For a study, scientists determined that as a standard procedure, oncologists prescribed systemic therapy with platinum-based doublet chemotherapy with or without bevacizumab to treat patients with advanced or metastatic non-small cell lung cancer. A targeted oncogenic driver mutation or high programmed death-ligand 1 expression remained unavailable. It caused the oncologists to continue with the treatment mentioned above. Metformin demonstrated antitumor effects through various insulin-dependent and insulin-independent mechanisms. It also exhibited potential as a synergist with chemotherapy. The researchers recruited patients with chemotherapy-naïve advanced or metastatic nonsquamous non-small-cell lung cancer in their open-label single-center phase II study (NCT01578551). They randomized the patients (3:1). Then, they administered the patients with carboplatin, paclitaxel, and bevacizumab with (Arm A), or without (Arm B) concurrent metformin for four to six cycles. Afterward, they followed the treatment by maintenance therapy with (bevacizumab ± metformin). The researchers continued the treatment until disease progression, intolerable toxicity, or study withdrawal. Thus, the principal result was 1-year progression-free survival (PFS). Secondary results included overall survival, response to therapy, and toxicity.

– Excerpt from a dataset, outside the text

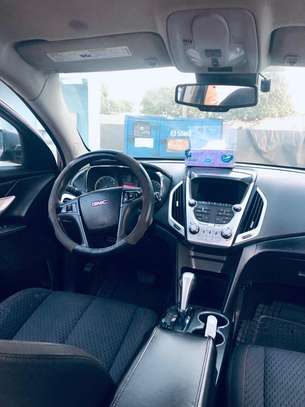 GMC TERRAIN image 9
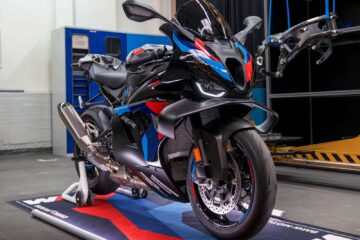 BMW S 1000 RR: superesportiva ganha atualizações no exterior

The researchers recruited 25 patients between August 2012 and April 2015. About 24 out of 25 patients received a minimum of one therapy cycle. The researchers stopped the investigation untimely because of slow accrual and alterations in standard first-line therapy of advanced non-small-cell lung cancer. The 1-year PFS on Arm A (n=18) was 47% (95% CI: 25%–88%), which surpassed the historical control 1-year PFS of 15%. And median overall survival of patients treated on Arm A was 15.9 months (95% CI: 8.4–not available [NA]) and 13.9 months (95% CI: 12.7–NA) on Arm B. The researchers did not notice any prominent changes in toxicity between the study arms.
The researchers believed that their investigation was the first to demonstrate the utilization of metformin brought notable benefits in PFS in the patient population. It also exhibited the effectiveness of metformin in treating advanced non-small cell lung cancer.